Please output exactly the lines that run from the line with "Подключение компонентов к автомобилю" through the final line of the data, inclusive, and nothing more.

RECORDS:
· · · · · · ·

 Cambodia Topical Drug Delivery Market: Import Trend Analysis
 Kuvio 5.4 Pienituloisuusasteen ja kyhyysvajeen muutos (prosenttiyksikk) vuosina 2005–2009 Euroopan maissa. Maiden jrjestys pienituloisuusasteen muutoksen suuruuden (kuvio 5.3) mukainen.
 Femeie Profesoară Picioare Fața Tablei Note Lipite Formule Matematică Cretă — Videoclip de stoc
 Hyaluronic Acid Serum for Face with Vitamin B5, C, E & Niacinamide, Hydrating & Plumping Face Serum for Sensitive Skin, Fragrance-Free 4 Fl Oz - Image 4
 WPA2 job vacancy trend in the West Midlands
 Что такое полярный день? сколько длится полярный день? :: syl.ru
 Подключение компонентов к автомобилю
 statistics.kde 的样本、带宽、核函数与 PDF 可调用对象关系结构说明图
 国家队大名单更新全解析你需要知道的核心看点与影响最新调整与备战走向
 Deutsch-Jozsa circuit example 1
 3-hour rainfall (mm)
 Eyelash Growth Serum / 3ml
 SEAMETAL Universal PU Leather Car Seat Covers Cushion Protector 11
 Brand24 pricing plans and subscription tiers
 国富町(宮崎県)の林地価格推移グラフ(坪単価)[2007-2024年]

· · · · · · ·

RESPONSE TO THIS EXERCISE:
 Подключение компонентов к автомобилю
 statistics.kde 的样本、带宽、核函数与 PDF 可调用对象关系结构说明图
 国家队大名单更新全解析你需要知道的核心看点与影响最新调整与备战走向
 Deutsch-Jozsa circuit example 1
 3-hour rainfall (mm)
 Eyelash Growth Serum / 3ml
 SEAMETAL Universal PU Leather Car Seat Covers Cushion Protector 11
 Brand24 pricing plans and subscription tiers
 国富町(宮崎県)の林地価格推移グラフ(坪単価)[2007-2024年]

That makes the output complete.